• **EXERCISE REQUIREMENTS**:
Include the line containing "A hotel room" and every line after it up to the end of the material below; reproduce them exactly and drop the pictures.

• **PROVIDED RECORDS**:

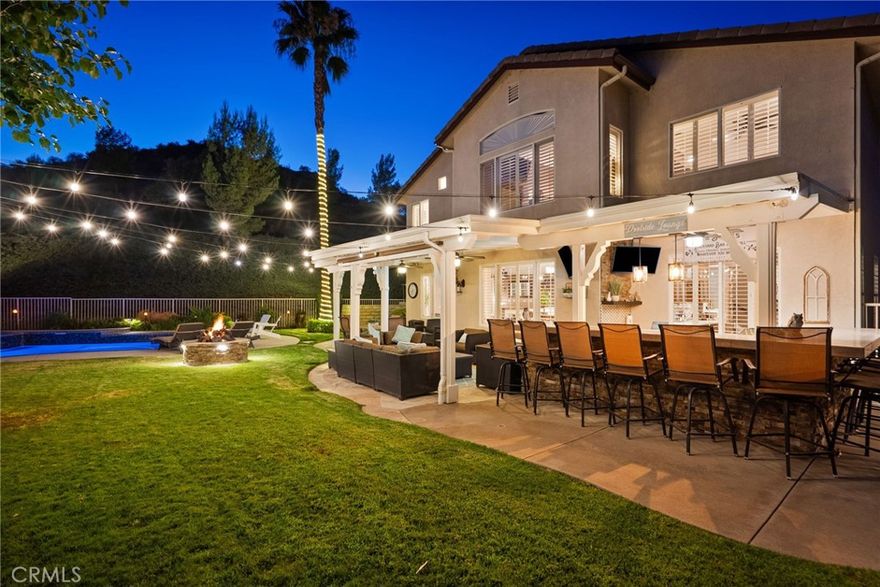 Stunning Family Home with Exceptional Outdoor Living

This stunning home offers the perfect blend of comfort, style, and entertainment, featuring both luxurious indoor spaces and remarkable outdoor amenities. Located in a highly desirable neighborhood, end of the cul de sac, with room for your RV, it’s just a short walk to award-winning elementary and junior high schools—making it an ideal choice for families seeking convenience and access to top-tier education. The open-concept living area provides a spacious and inviting atmosphere, perfect for hosting gatherings with family and friends. Step outside and you’ll find a true outdoor oasis. A sparkling saltwater pool with new Pebble Sheen finish and 2 Baja steps invites you to unwind in style. The covered patio comes complete with a custom-built BBQ & bar, and 3 TV's, ideal for hosting summer parties or enjoying a quiet evening under the stars, this backyard has it all. Nearby, a dedicated play area gives children a safe and fun space to enjoy, while a charming swing tucked under mature pine trees adds a peaceful retreat within your own backyard. For those who love to entertain, the home includes both indoor and outdoor bars, creating seamless spaces for socializing no matter the season. Whether you’re hosting a casual barbecue or cheering on your favorite team during game day, there’s plenty of room to gather and enjoy. Additional highlights include a spacious 3 car attached garage for ample storage and meticulously maintained landscaping that enhances the home’s curb appeal and provides lush, green surroundings year-round. Conveniently located near parks, shopping, dining, and excellent schools, this home is perfect for those who value a vibrant, family-friendly lifestyle without compromising on comfort or style. Don’t miss your chance to experience all that this exceptional property has to offer. NO MELLO ROOS & NO HOA!!!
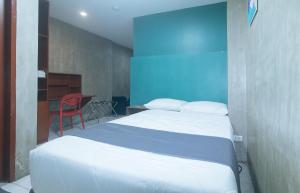 Voodi või voodid majutusasutuse Rcee Place by RedDoorz toas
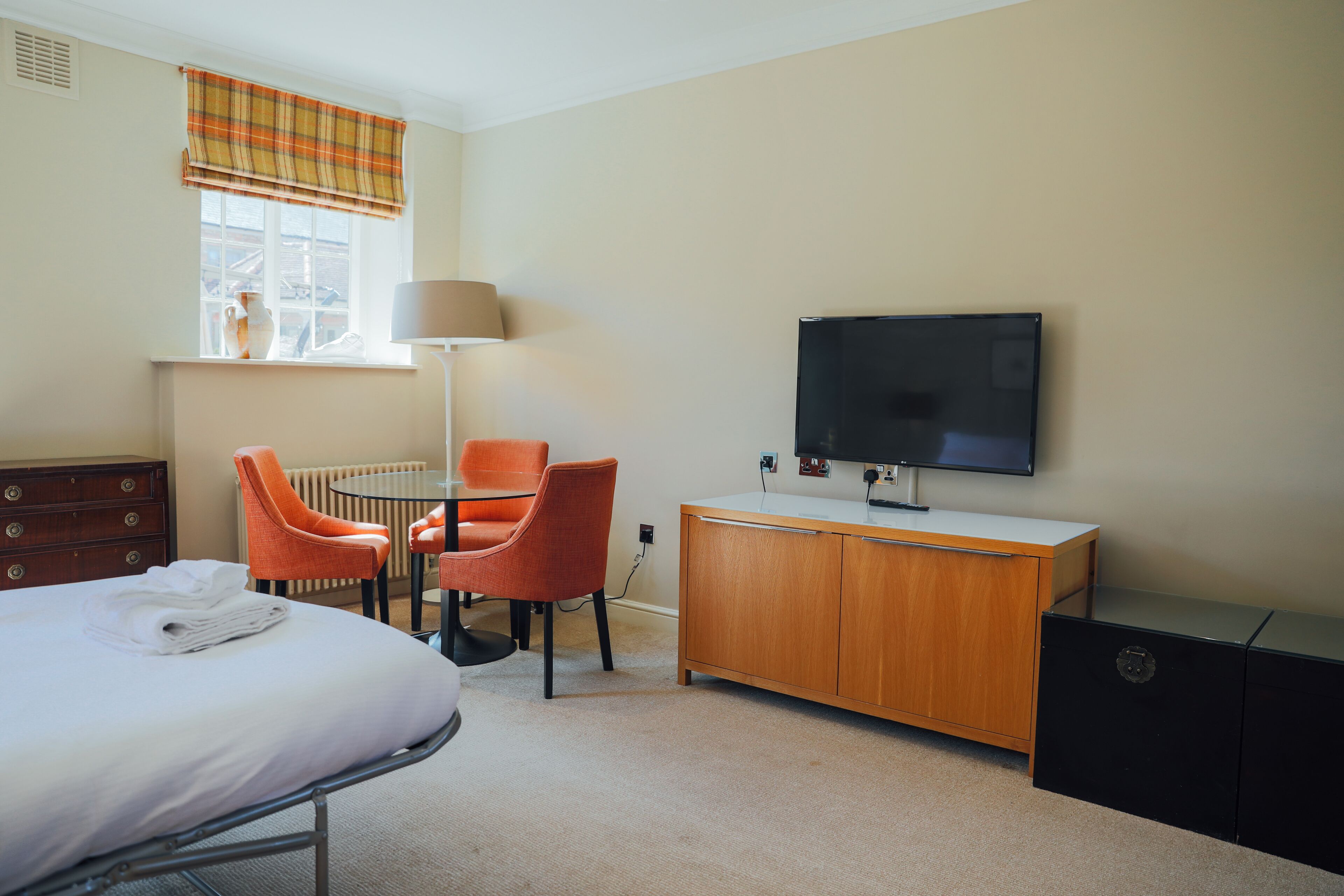 A hotel room with a bed, a desk, a chair, a television, and a cabinet.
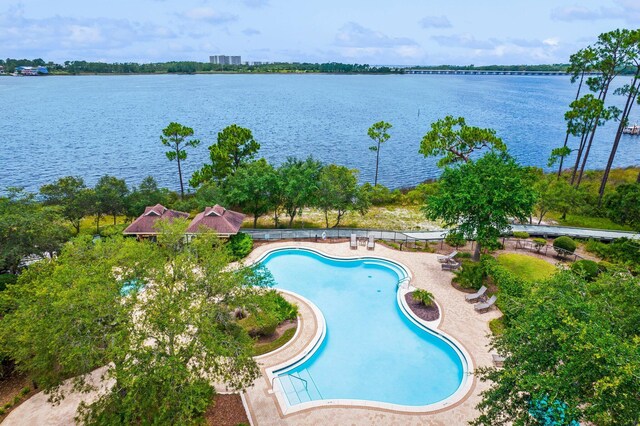 view of pool with a water view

• **SOLUTION TO THIS PROBLEM**:
 A hotel room with a bed, a desk, a chair, a television, and a cabinet.
 view of pool with a water view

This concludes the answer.